As the Presidential-election season heats up, politicians in both parties are scapegoating China for the jobless recovery. To curry votes in Midwestern and Southern states, they are blaming China for the sharp decline in manufacturing jobs rather than the structural economic changes that are really behind them. As a result, they are pressing Beijing to revalue the yuan to curb exports or face a 27.5% tariff on Chinese imports into the U.S. These politically driven measures are economically misguided and could boomerang.

For starters, U.S. consumers and businesses benefit mightily from low-cost imports. Moreover, China is the fastest-growing U.S. export market. America's exports to China are up 21% year on year, compared with 2% to the rest of the world. Thanks to double-digit jumps in real annual wages and fast-growing retail sales, China's domestic market is booming. General Motors (GM) Corp. recently sold more cars in China than in Europe. And China imports more than Japan.

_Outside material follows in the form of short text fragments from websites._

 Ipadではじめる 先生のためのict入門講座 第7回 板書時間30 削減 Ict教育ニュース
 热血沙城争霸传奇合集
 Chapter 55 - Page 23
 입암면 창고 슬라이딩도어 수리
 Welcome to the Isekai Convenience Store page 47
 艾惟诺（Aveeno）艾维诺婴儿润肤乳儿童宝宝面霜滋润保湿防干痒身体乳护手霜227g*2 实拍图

Foreign-exchange rates have little to do with the shift of U.S. manufacturing jobs to China. U.S. companies sent production to China in the '90s when both the yuan and the dollar (which are linked) were strong relative to the yen and European currencies. Today, they are still sending production to China as the yuan and the dollar weaken. Does anyone really think that a 30% revaluation will bring the toy industry back to the U.S.?

The fact is, an integrated Sino-American economy linked by business and finance is emerging. China is the supply chain for Corporate America. Parts are made around the world, assembled in China, and shipped to the U.S. by American companies under such names as Dell (DELL), Boeing (BA), and General Electric (GE). In fact, 10 of the top 40 exporters from China are U.S. companies. Without China, American corporations would be less efficient, less profitable, and would pay lower wages at home.

And without Chinese money, the U.S. would be unable to finance its budget deficit. The failure of Americans to save requires the U.S. to import huge sums of capital. Private overseas lenders have cut their buying of U.S. stocks and bonds. China's central bank has stepped in, buying billions in Treasury paper and helping to keep U.S. interest rates low. China is playing a major role in the U.S. recovery, just as the U.S. is boosting growth in China.

Certainly, China should live up to its obligations to the World Trade Organization. But the U.S. and China have created a mutually beneficial economic synergy. It should not be undone by political expediency or demagoguery. Shame on Republicans and Democrats alike. They should know better.